Yes, the history is well known. It was not a prototype that escaped the factory; some 30,000 were made from 1976/77 to 1980, when the first 18xx rifles appeared.
The X/1600 guns represent a stage in Anschutz's attempts to improve accuracy in the Match 54. The first X guns appeared in the mid-late 1970s around 1976 or '77 and completely replaced the wing-safety Match 54 bolt. By that time the Match 54 had been in production for over twenty years, and had seen some small tweaks, a second bolt claw added, separating the indicator pin from the bolt, adding more steel behind the left-hand ejector lug, a second barrel retaining pins etc.
The X-guns represented a much more comprehensive and calculated revision. I don't know of any changes to the barrels, although these do appear to have been made of good steel, and the average quality seems to have been high. There are rumours in the UK that British steel was used, but I've never seen any good source for this. It's not impossible though; Hammerli advertised the use of special British steel barrels on their smallbore rifles during during the '50s and '60s.

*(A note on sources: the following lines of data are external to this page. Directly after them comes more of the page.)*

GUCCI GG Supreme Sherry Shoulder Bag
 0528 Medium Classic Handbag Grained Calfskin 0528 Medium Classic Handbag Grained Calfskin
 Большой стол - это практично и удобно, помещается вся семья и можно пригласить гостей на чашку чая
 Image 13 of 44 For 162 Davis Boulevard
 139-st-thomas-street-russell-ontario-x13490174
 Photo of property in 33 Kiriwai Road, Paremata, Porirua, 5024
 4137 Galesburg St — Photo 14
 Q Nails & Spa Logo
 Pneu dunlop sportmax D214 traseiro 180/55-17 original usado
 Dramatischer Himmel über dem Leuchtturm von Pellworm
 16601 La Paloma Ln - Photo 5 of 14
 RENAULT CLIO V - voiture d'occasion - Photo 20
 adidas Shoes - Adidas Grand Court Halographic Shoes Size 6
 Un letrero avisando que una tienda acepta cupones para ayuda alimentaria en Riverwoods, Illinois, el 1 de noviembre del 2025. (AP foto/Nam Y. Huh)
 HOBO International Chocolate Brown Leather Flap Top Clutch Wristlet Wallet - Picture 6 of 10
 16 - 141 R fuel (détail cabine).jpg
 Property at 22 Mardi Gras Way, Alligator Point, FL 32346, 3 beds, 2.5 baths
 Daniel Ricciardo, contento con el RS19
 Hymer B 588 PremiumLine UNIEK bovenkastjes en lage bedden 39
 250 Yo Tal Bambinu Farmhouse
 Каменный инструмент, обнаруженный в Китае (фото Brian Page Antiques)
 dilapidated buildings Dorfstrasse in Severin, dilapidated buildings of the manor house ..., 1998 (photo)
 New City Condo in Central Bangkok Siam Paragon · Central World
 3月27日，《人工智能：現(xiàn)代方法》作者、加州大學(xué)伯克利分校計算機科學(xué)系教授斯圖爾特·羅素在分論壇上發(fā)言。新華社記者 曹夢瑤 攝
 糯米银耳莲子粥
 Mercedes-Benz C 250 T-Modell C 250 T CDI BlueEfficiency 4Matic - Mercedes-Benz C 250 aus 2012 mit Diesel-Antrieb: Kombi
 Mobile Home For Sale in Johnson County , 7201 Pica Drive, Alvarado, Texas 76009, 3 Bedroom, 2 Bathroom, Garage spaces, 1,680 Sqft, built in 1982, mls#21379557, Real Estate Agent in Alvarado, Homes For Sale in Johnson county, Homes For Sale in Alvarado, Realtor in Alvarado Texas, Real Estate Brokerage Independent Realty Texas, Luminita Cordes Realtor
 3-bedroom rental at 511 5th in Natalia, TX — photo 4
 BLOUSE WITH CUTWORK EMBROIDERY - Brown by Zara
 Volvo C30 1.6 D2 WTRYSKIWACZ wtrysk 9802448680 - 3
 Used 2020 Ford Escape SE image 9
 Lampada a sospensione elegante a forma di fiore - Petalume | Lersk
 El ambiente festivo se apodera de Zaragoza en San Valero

The improvements were to the ignition and trigger. Anschutz lightened the firing pin to reduce travel time, which also permitted a reduction in the strength of the main spring, which created less vibration in the barrel. To add oomph the small spring around the indicator pin was made much stronger than on 1400 M54 bolts. The ratchet end-cap increased tension on the springs compared to the old bayonet fitting. Anschutz also cut a slot in the underside on the bolt along the guide groove for the ejector stud, that exposes the firing pin; the idea was to prevent the firing pin acting as a piston and being slowed by air compressed ahead of it. A completely new trigger was developed that could be safely adjusted very light, and was much more user-adjustable than the 1407-U9 trigger. It was a two-stage, but could be set to single stage; 1611 rifles had a single-stage only version from the factory.
The familiar cranked bolt handle was introduced during 1600 production, sometime in 1978 or '79.
At the time Anschutz did not change their sales literature and continued to marked the X-barrels as 1407/1411/1413 Match 54s, and barrels were still stamped "Anschutz Modell Match 54". However an X was added to the end of the serial number to identify the new rifles, which Anschutz have said stands for eX
perimental. The 16xx designation is now common, and used by Anschutz themselves, to differentiate the various Match 54 and 18xx rifles.
The 1800 guns are themselves a development of the 1600s. The trigger is essentially the same, except the for shape of the catch, and the addition of a coarse weight adjustment cam. The firing pin was made even lighter, and as was the mains spring, but the secondary spring was made stiffer. This arrangement has remained to today, with small modifications for the 54.30. The slot in the bolt was abandoned as it allows crud into the bolt, but the inside was made large inside.